The story we tell ourselves is that if we take a risk we’ll embarrass ourselves so badly we won’t be able to face our colleagues and administrators. It could even potentially cause us to lose our job. And that story is the secret reason why some librarians avoid taking on the challenge of leadership.
Fear of failure can be crippling. It keeps you from growing. Oddly enough, the converse is an equally big barrier—fear of success. If you are successful, people will expect you to continue to do more.
And just like the other stories, it is only that —a story. No one is suggesting you suddenly decide to campaign to redesign your library as a learning commons if you have never done anything to make your presence known in your building, but you do need to take some first steps. You do need to build some “street cred” first.
Start small. Share your knowledge of new web and app resources by sending weekly emails to teachers describing just one, explaining how it could be used, and offering to provide one-on-one help for them to learn it. Include your principal in the email. You may not get any takers at first, but eventually one will click with a teacher. Slowly, teachers will begin to recognize the help you can give them.
There is no risk in doing that, but two important little goals have been achieved. You have stepped out of your comfort zone, and teachers begin to take you into consideration when planning a unit. And those two accomplishments are the first building blocks of that very important “street cred.” Look for other no-risk or minimal risk ideas.
Try a book club. If you don’t know how to do it, ask your library colleagues on your state association’s listserv or other places where librarians help each other. LM_NET is the big one, but there are many more. Once you know what you are doing, speak with your administrator before putting it in place. Explain your goal for the program, how you plan to run it, and acknowledge there is no guarantee it will work but is worth a try.
If you launch the club, send updates on activities and accomplishments to your principal. Include videos of the kids discussing the books. Now you have demonstrated your value to the administration. And your reputation as a leader begins to grow.
Then it’s time to take a few bigger risks. Gardening projects have proved very successful at the elementary level. There are connections to STEAM and the produce can be given to the cafeteria, to food banks, or a local shelter depending on what seems best for your community.
Other low- risk projects include starting Hour of Code or a Makerspace. For either of those ideas, you can get all the help you need in organizing it from other librarians. We are an incredibly supportive profession.
These early risks build your confidence and you can begin to look for other possibilities. Are you thinking of genre-fying your collection? How about a Skype author visit? What about a joint project with students in another school district—or country? Before long you might even be ready to turn your library into the learning commons that had seemed an impossibility.
Being a building leader is vital. If you and your program are to thrive you must demonstrate you are invaluable to the entire educational community. Now that you see that risks don’t result in those disasters you imagined, you can step even further out of your comfort zone.

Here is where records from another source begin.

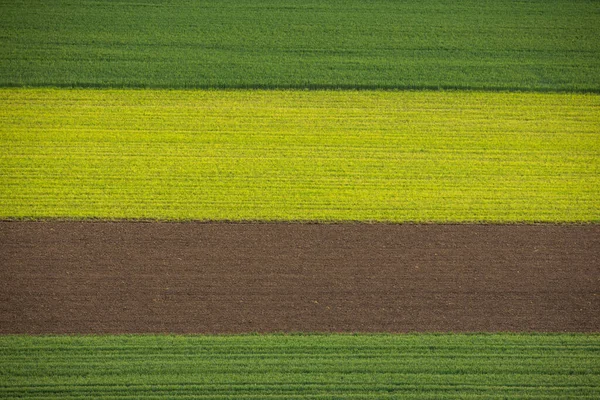 Frühling Der Natur Sonnenaufgang Getreidelandschaft Verschiedenfarbiger Felder — Stockfoto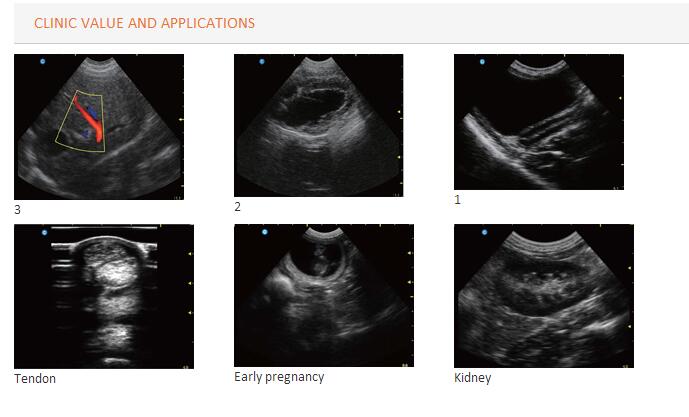 Veterinary Ultrasound Color Doppler Laptop Touchscreen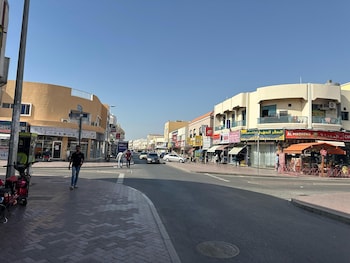 palm inn hostel mix dormitory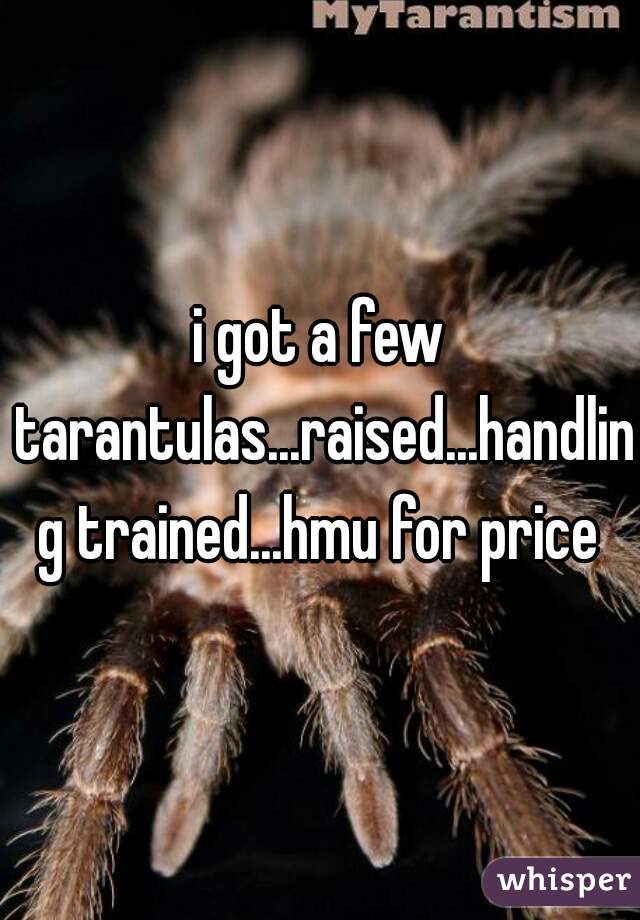 i got a few tarantulas...raised...handling trained...hmu for price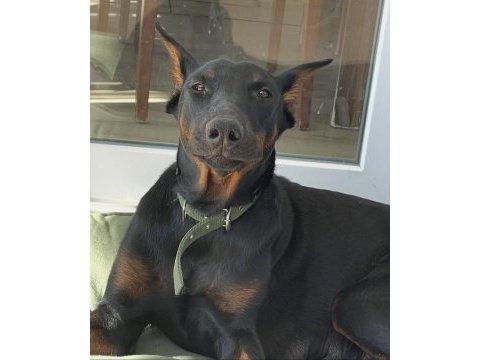 Dişi safkan doberman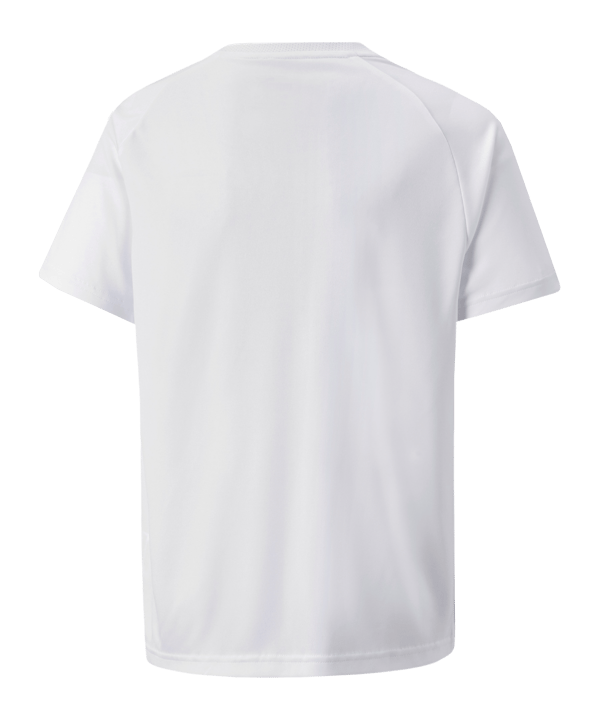 PUMA teamVISION Trikot Kids Weiss Grau F04 - weiss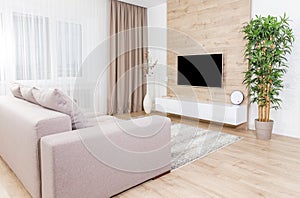 Living room with couch and led tv on wooden wall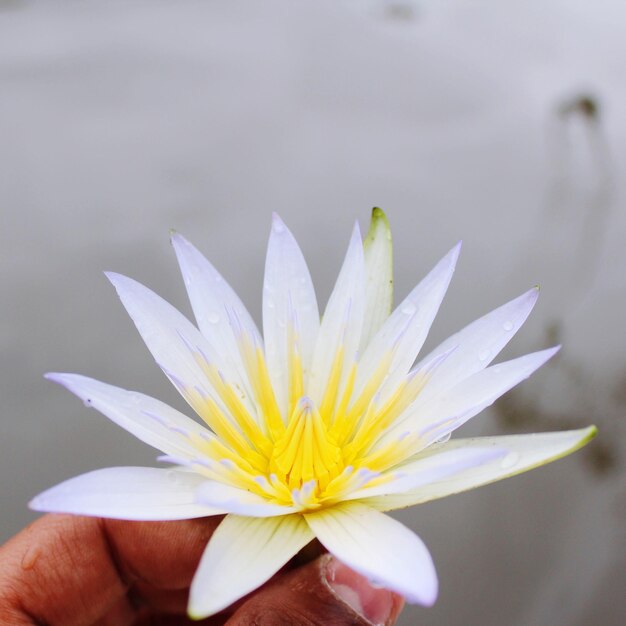 Close-up of lotus water lily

Take your place among leaders. There is always room for more. Choose one of your new successful programs and write a proposal to present it at your state conference. You may think it’s been done, but there are always librarians who haven’t tried it, and you bring your unique perspective to it. If it’s selected let your principal know. It will build your reputation even further.
Serve on one of your state association committees. Better yet volunteer to do the same in AASL or ISTE. Although it’s too late for this year’s AASL Conference IdeaLab, start planning to do it in two years at the next AASL conference. You would be in a large room with many other librarians all presenting their best ideas. You talk one-on-one with those who stop and want more information. Totally non-intimidating.
The first step in becoming a leader is deciding to step out of your comfort zone. Every leader has done so. I still take on challenges wondering how I am going to do it, but somehow it almost always works.
Have you stepped out of your comfort zone? What did you do? What was the result? Where do you need help?